ATTORNEY GENERAL...........................................2ND RESPONDENT

AND

JOHN MWANGI KARURI...................................INTERESTED PARTY

EX PARTE

ALBERT KIGERA KARUME

JUDGEMENT

INTRODUCTION

This Judgement is the subject of the Notice of Motion dated 8th January 2012  October 2012 by which the ex parte applicant herein, Albert Kigera Karume seeks the following orders:

That an order of Certiorari does issue to quash the injunctive orders of the 1st respondent issued on the 17th of October 2012.

That the respondents be condemned to pay costs of this application.

EX PARTE APPLICANT’S CASE

The application is supported by Statement of Facts filed on 10th December 2012 and affidavit verifying facts sworn by the said Albert Kigera Karume on the same date.

The ex parte Applicants’ case is that he is and has at all material times been the landlord of the premises known as LR. No. 209/6492 in Kandara Road, Kileleshwa Nairobi while the Interested Party has been the tenant thereof. On the 17th of October 2012 the chairperson of the Business Premises Rent Tribunal, Mrs. Mochache  D. Made the following orders touching on the said premises:

The tenant is directed to forward monthly rent to the landlord’s advocate on due dates for onward transmission to the landlord.

The landlord either by himself, his servants and/or agents be and is hereby restrained and prohibited from evicting the tenant and/or in any other manner whatsoever interfering with the tenant’s quiet possession and enjoyment of the business premises known as  (Boyz to Men salon and Barber Shop).

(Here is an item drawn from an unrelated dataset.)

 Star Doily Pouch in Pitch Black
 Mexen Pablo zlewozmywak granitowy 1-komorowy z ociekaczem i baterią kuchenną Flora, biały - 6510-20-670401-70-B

Costs to the tenant assessed in the sum of Kshs. 73,715/=

The tenant’s rent account is credited with Kshs. 73,715/=

The aforementioned orders were made in Tribunal case No. 160 ‘B ‘/2012, wherein the Interested party herein was seeking relief against the Applicant for allegedly unlawfully threatening to evict him from the said premises. It is the parte applicant’s case the injunctive orders issued by the chairperson were ultra vires in nature as the Business Premises Rent Tribunal lacks the power to issue  injunctive orders and that the  chairperson of the Tribunal overstepped her mandate by issuing injunctive orders against the Applicant herein. According to legal advice received by the applicant, the power, mandate and functions of the business Premises rent Tribunal have been clearly spelled out in the Business Premises Rent Tribunal Act Cap 301 and such power, mandate and function does not include the power to issue an injunction.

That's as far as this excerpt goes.